:: TASK INPUTS

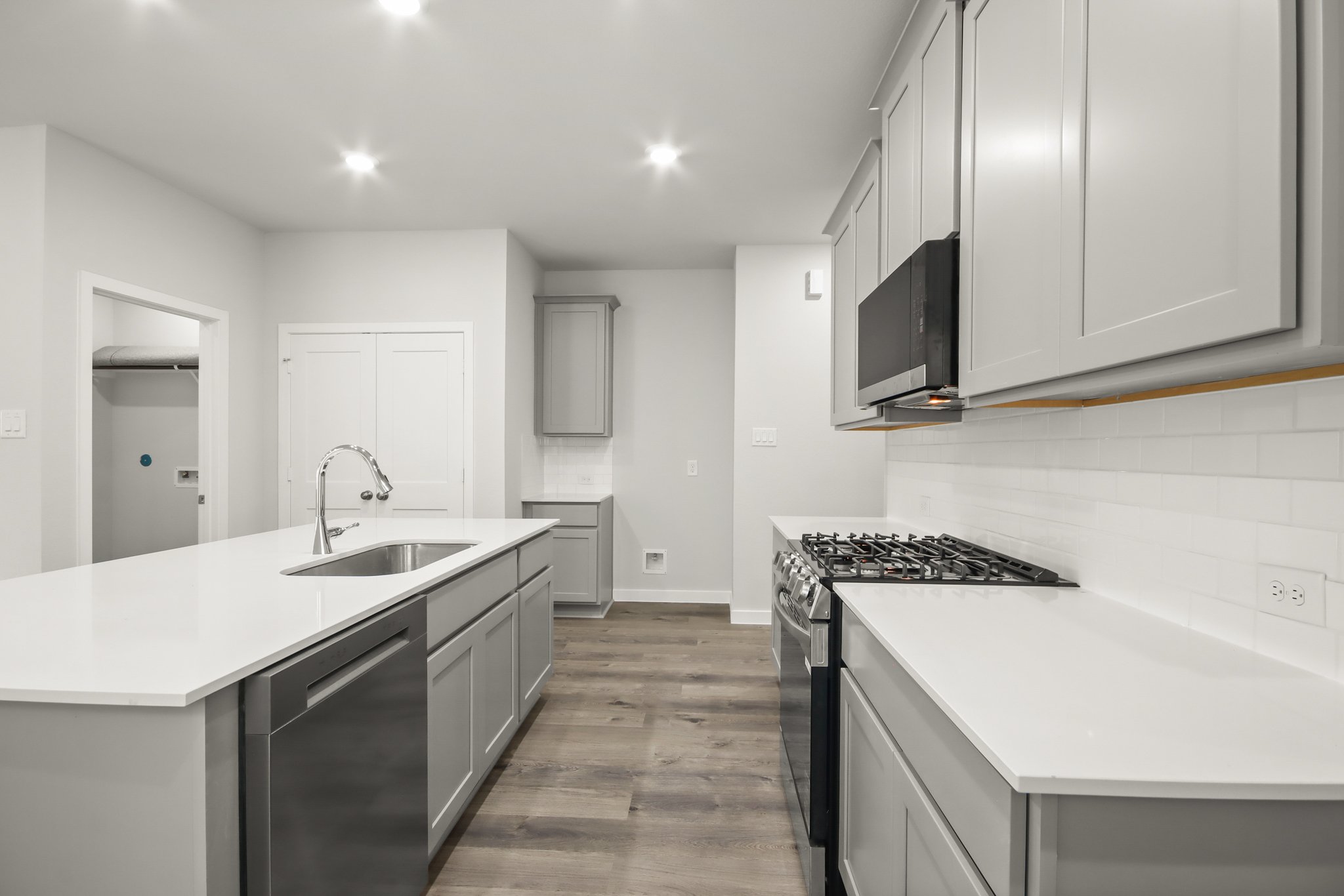 A kitchen with white cabinets.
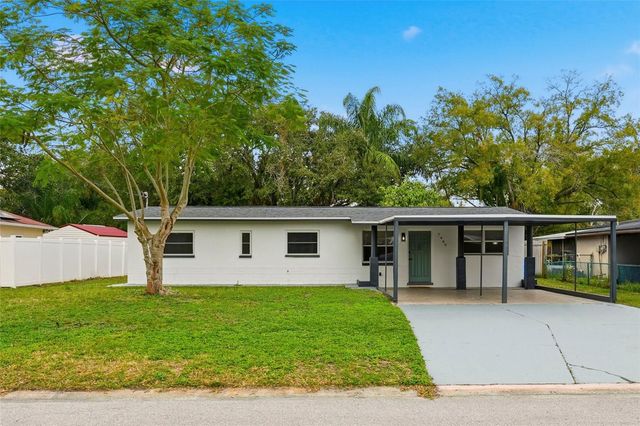 7406 MANCHESTER LANE, Tampa, FL 33619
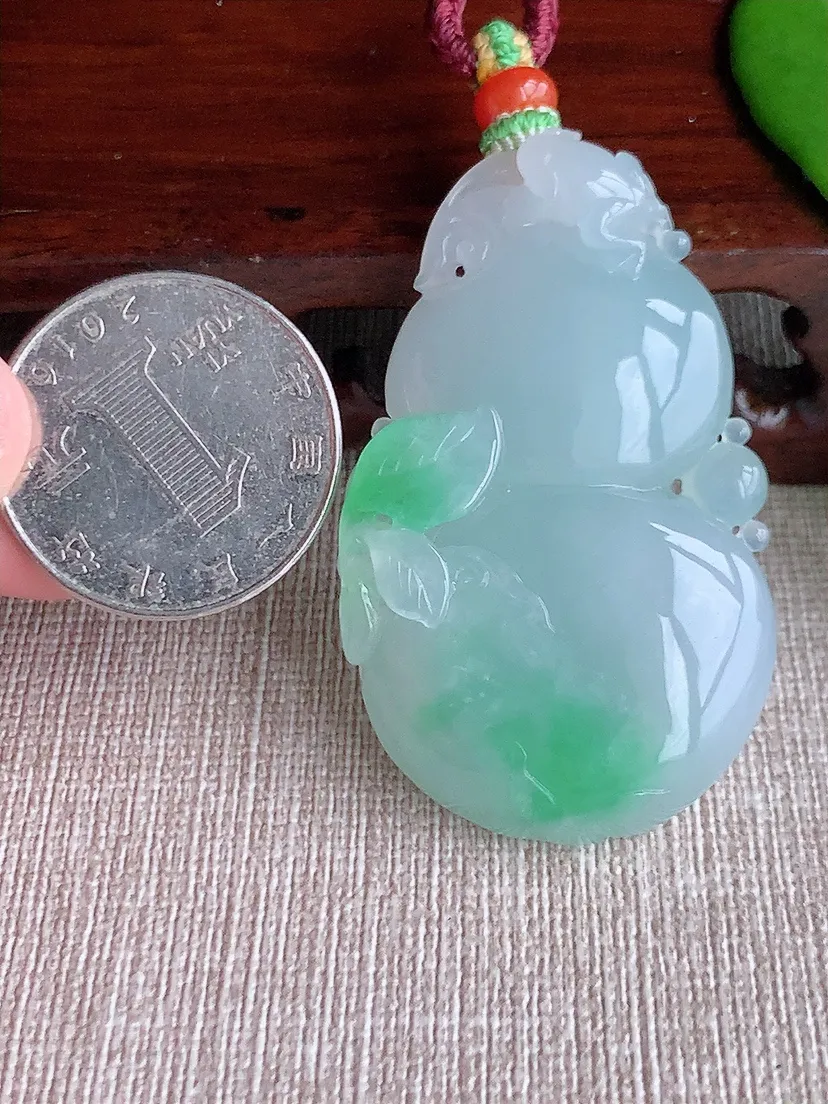 天然A货翡翠飘绿大葫芦吊坠尺寸50.6×30.5×9.6m量31.34g 0710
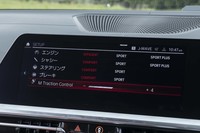 エンジンや足まわりなどは細かなセッティングが可能で、好みの組み合わせを登録しておいてステアリングの「M1」「M2」ボタンで呼び出すことができる。
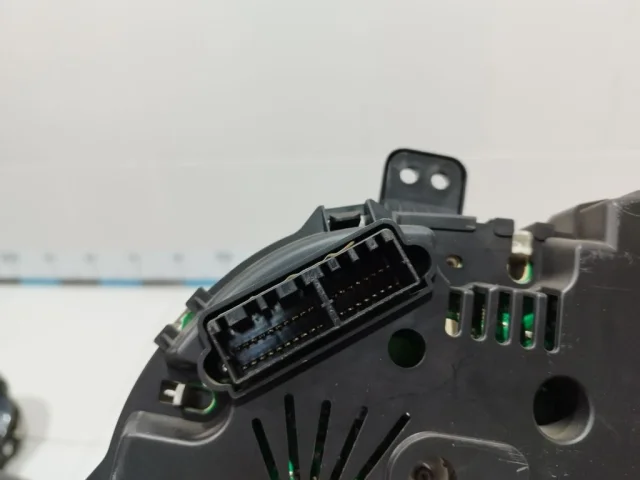 Приборная панель для Hyundai Solaris 1 RB (2011-2013) на фотографиях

::::

> _TASK DETAILS_
Every record should come back exactly as it is, though none of the pictures should.

> _ANSWER BELOW_
 A kitchen with white cabinets.
 7406 MANCHESTER LANE, Tampa, FL 33619
 天然A货翡翠飘绿大葫芦吊坠尺寸50.6×30.5×9.6m量31.34g 0710
 エンジンや足まわりなどは細かなセッティングが可能で、好みの組み合わせを登録しておいてステアリングの「M1」「M2」ボタンで呼び出すことができる。
 Приборная панель для Hyundai Solaris 1 RB (2011-2013) на фотографиях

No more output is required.